The weight these consultants carry increased after the Supreme Court of Canada's 2008 decision on a takeover offer for BCE Inc., argues securities lawyer Ed Waitzer, former chair of the Ontario Securities Commission. The ruling said directors should take all stakeholders into account when debating a corporation's best interests – not just shareholders.

However, the court said boards can sidestep this heavy burden if they can prove they relied on professional advice for key decisions. "You have this fiduciary duty that can be mitigated, if not eliminated, by reports of experts," Mr. Waitzer says.

"Corporate governance has now spawned this cottage industry of outside advisers," he says, because consultants can "bless a compensation scheme." If anyone is angry with the board, directors can defend themselves by pointing to the consultants' credentials.

Ken Hugessen, one of Canada's longest-serving compensation consultants who heads his own independent firm, says he has frequently heard criticisms that his industry fuels pay increases because it wants to please CEOs by recommending they get big raises. He says the reality is the opposite.

He points to two recent studies – one from researchers at Cambridge University and the other from the University of Oklahoma – that concluded compensation consultants who are hired by the board and operate independently of management are associated with lower pay levels and a greater link between pay and performance.

A truly independent consultant, he argues, can ensure pay packages have a steep downside for bad performance and can also help boards assess annual performance to measure whether it met the board's objectives. While management has a vested interest in painting performance in the best light possible, Mr. Hugessen says consultants verify the claims.

The hard part is ensuring their work is independent. While more common in the United States, Mr. Hugessen says some Canadian boards still technically hire the consultants yet allow management to control the process, including recommending which firms to use. "There are still many companies who essentially defer to managers to pick the consultant. I would say it's a work in progress in Canada," he says.

Paul Gryglewicz, senior partner at Toronto-based Global Governance Advisors, says consultants are more likely to propose reforms to pay models than many people realize. Some ideas are adopted, others get shot down by clients or shareholders because they are too different from the norm.

"I find the appetite for changing the way in which pay is handled is very slow, and it can be frustrating," Mr. Gryglewicz says.

He says radical change is not realistic either, because boards must create compensation plans that address the voting guidelines of their major shareholders, and especially those of proxy advisory firm Institutional Shareholder Services, which advises many large investors on how to vote their shares.

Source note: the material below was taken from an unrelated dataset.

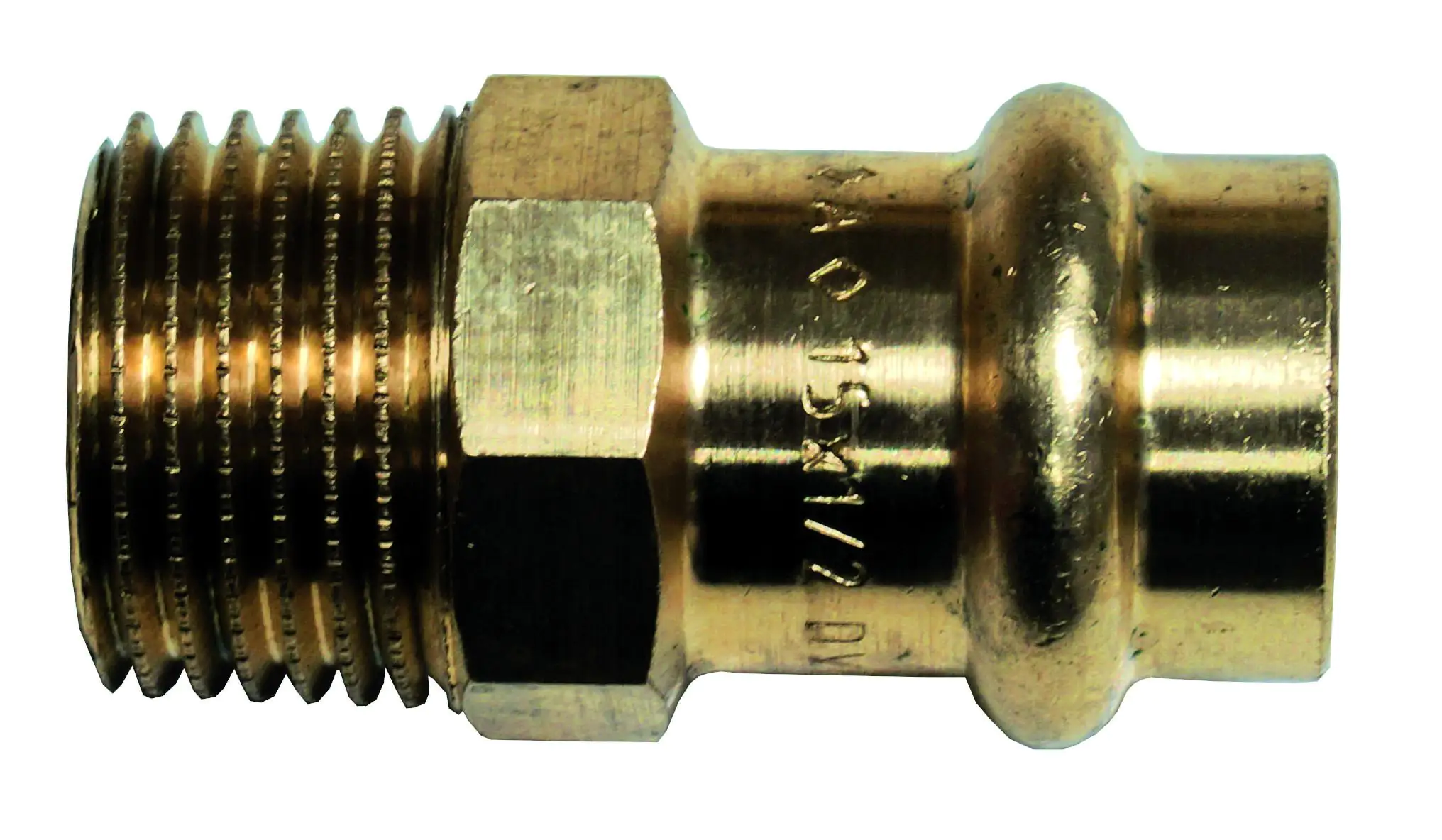 Cornat Press-Übergangs-Nippel Rotguss, ø 15 mm, 1/2" AG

"Their model is so boxed in," he says. "It really hinders the ability to create change."

He says boards also have legal responsibilities that force them to be conservative, meaning they can't take risks with untested ideas.

Despite Mr. Gryglewicz's arguments, compensation consultant Stephen Byrne, who once worked for top U.S. firms and now runs Shareholder Value Advisors Inc. in New York, says many people in the industry don't realize the effects of their work.

Compensation consultants are "totally convinced that it's perfectly fine to promise everybody competitive pay regardless of past performance," he says. "They think of themselves as grandly representing the shareholders, and don't appreciate the program they are proposing is extremely pro-management."